I'm gonna go ahead and do specify test run. There are no tests involved in my my target and source of this deployment, so none are being automatically suggested here. But if I had any new code or any test classes, I could select them here or put them in the text area.

I'm gonna go ahead and say don't run any tests.

On a Friday deployment, our team would have a specified list of all the test classes that we needed to run for all of the new code that was going that weekend, if any. And my validation has succeeded. And you can see all of the different components that it went through as the validation is running. If anything fails, it'll appear here as it goes through each item. If anything fails, you can always go back to the comparison, where you can revalidate.

And same with any Apex tests that fail or if they don't reach seventy five percent code coverage. Then you can go back to the comparison and refresh it, which saves all your selected items, and you can go back in and maybe add something that was missing. Or if someone needs to make changes, then you can go back and refresh it after they made those changes. If this was a Friday deployment, I would go ahead and schedule it for eight PM eastern after work hours.

I could add my manager's email here or director, anyone that might wanna know that that the deployment had succeeded that night.

I usually post on our, MS Teams channel when it succeeded just to let everyone know, and then I can save the scheduled deployment.

And now on Friday at eight PM, that will run.

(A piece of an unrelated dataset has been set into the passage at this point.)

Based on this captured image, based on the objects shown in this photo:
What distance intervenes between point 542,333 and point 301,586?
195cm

I can now also click into it and view our deployment summary, to go in and see what's moving on Friday. I can share this with others, and also download an expert just like on the other pages.

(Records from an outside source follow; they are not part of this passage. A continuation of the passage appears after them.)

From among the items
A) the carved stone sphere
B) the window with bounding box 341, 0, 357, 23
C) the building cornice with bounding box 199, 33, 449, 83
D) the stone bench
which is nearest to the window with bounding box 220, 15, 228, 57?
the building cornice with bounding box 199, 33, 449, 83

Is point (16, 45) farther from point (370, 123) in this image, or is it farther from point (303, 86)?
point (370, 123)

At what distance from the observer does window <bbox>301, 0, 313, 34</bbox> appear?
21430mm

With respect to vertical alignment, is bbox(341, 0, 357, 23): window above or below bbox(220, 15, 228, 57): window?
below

So before we used Gear Set, most of us admins or developers were not part of the deployments to production. I was previously a Salesforce admin and remember feeling very unfamiliar with the process, and I was not envious of the late Friday nights that our DevOps, team members experienced.

With Gearset, though, it's extremely straightforward. It's all point and click.

Unlike the previous process, I don't feel any sort of intimidation or any sort of concern about what I might click on, what I might do. Like, it's all very clear what each thing does and every step's purpose. The validations can be done ahead of time, which is super useful for whoever's running the deployment. They can get their work done well before the end of the workday.

And If they need to pull someone in, it's really easy to send that link to someone else, then they can take over from where they left off. There are also options in Gear Set to connect to Jira or connect to a source control, such as Bitbucket or GitHub. Because of the transparency that Gear Set enables, everyone can become involved in the process. This makes it easier to address any issues that arise during our deployment process.

No one is really on their own. Thanks to Gear Set, our deployment process has become a team effort, and it's always improving. And thank you for joining me today as I walked through deploying with Gear Set.